Esse é para a especialista, o segredo para se fazer as pazes com a sexualidade, se descobrir e desprender das amarras impostas pelo imaginário da sociedade, a de que idosos não transam.
“É pecado”, só que não
Sexo é um tabu independente da faixa etária, mas quando se trata de pessoas na terceira idade há todo um imaginário social envolvido em torno do tema.
A relação controversa com o sexo começa já nos primeiros anos de vida, com a demonização da prática. O indivíduo cresce não associando o ato com prazer e o compartimentando como se não fizesse parte do todo, de quem ele é.
“Nunca ensine um filho que o sexo é nojento, que é pecado. Porque ele vai ter problemas a vida inteira e não só nessa área, vai impactar todo o resto”.
Arquivo Pessoal
Cristiane Cechet tem formação em economia e psicologia
Cechet citou o exemplo de mulheres que chegam à casa dos 60 anos e, de certa forma, se abdicam de manter uma vida sexual ativa com o parceiro, canalizando essa energia na religião.
“Ela inventa que agora que ficou velha tem que ir pra igreja igual via a avó fazendo. Isso acontece muito com mulheres mal resolvidas na cama. Rezam para restaurar o casamento, mas não investem em si mesmas”.
Outros meios de fuga, tanto para homens quanto para as mulheres, são a compra de bens materiais e a traição.
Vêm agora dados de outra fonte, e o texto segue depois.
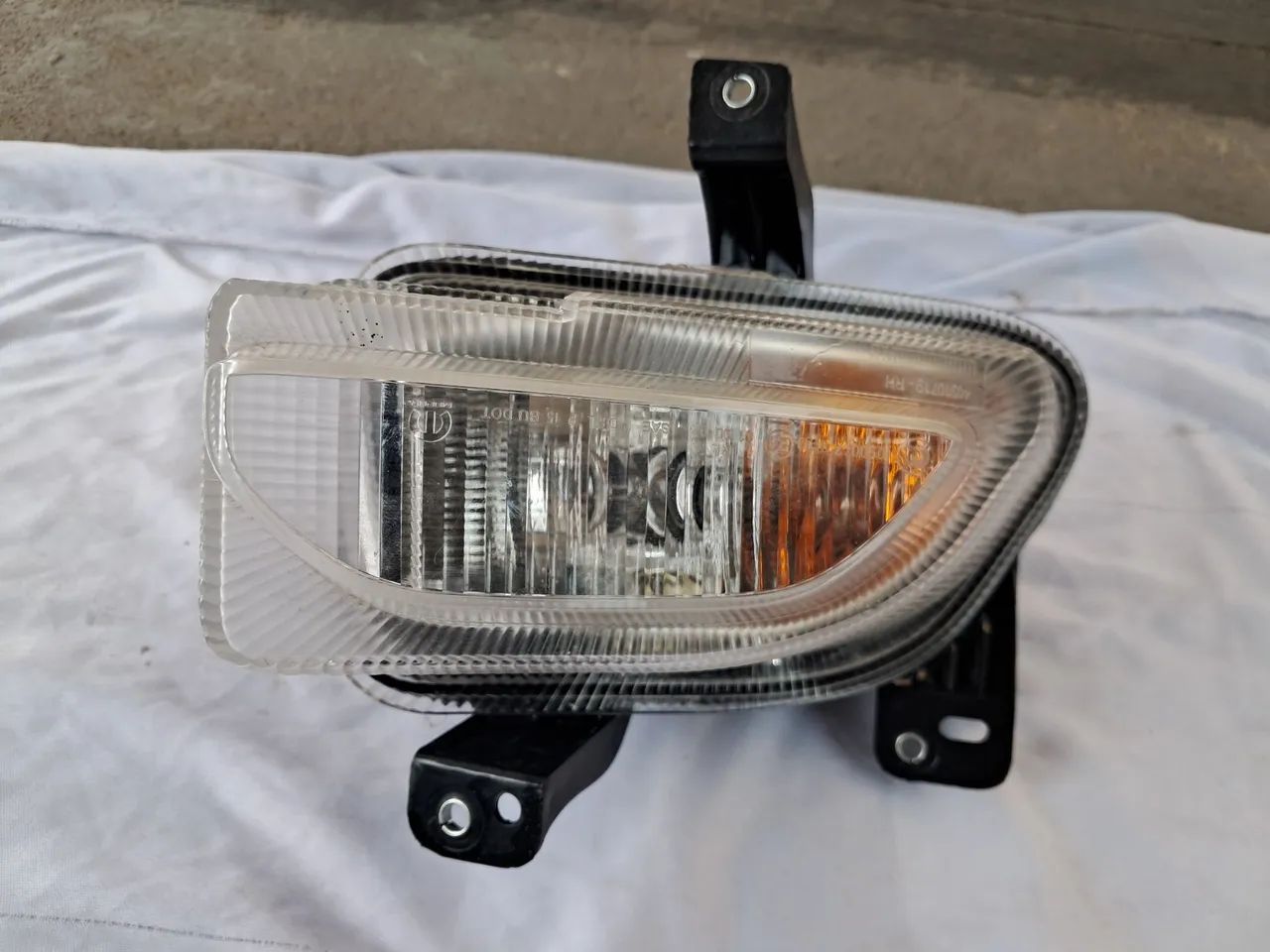 Seta Renegade lado direito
Segundo a especialista, nada impede que o casal nesse faixa etária mantenha uma vida sexual ativa e de qualidade.
Os homens a partir dos 45 anos começam a lançar mão do auxílio de estimulantes, que se usados com moderação, de acordo com Cechet, contribuem para relação.
Já as mulheres com cuidados ginecológicos, em especial durante a menopausa, e auxílio de lubrificantes, “não precisam de estimulantes e podem morrer transando”.
Se separar ou não?
Apesar da esmagadora maioria dos seus pacientes reverter a situação e “ressuscitar” a relação, Cechet diz ser favorável ao divórcio. Isso é claro, nos casos em que o amor acabou e o casal apenas “comemora datas”, década após década protelando o fim.
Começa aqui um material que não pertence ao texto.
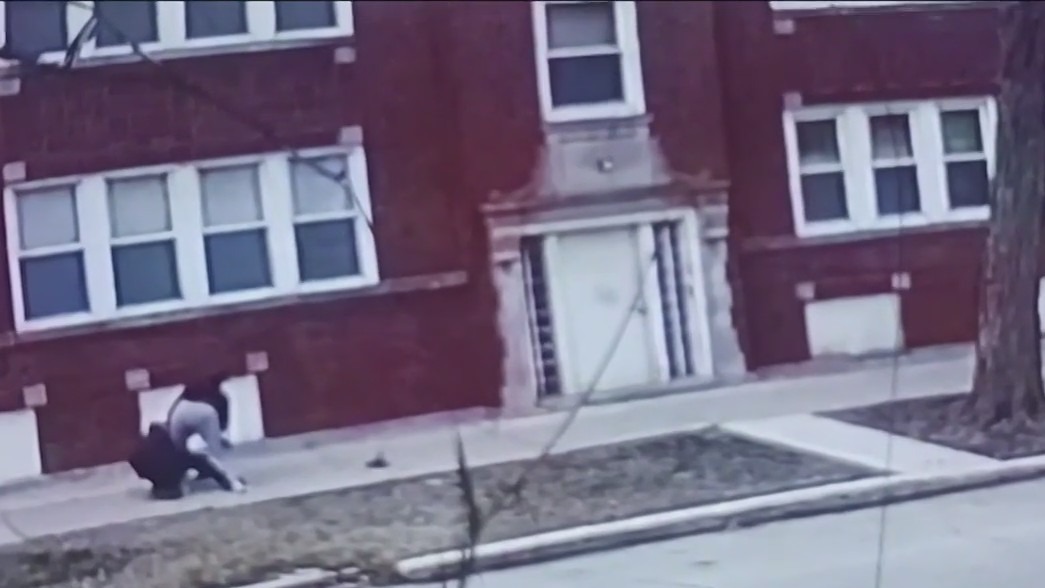 Caught on camera: Off-duty cop stops apparent robbery in Chicago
“Até quando a pessoa vai ser infeliz naquele casamento ruim, virando chacota porque um vive traindo o outro? Ou restaura o casamento ou é divórcio e cada um vai para um lado”, explicou.
“Você tem o direito de não gostar mais de alguém e se separar. O problema é quando é a mulher quem toma essa decisão, ela ainda é tachada como a vulgar da história”.
Para Cechet deve haver um equilíbrio entre mente, corpo e emoção. A pessoa que se conhece e se ama tem o poder de escolher o que é melhor para si.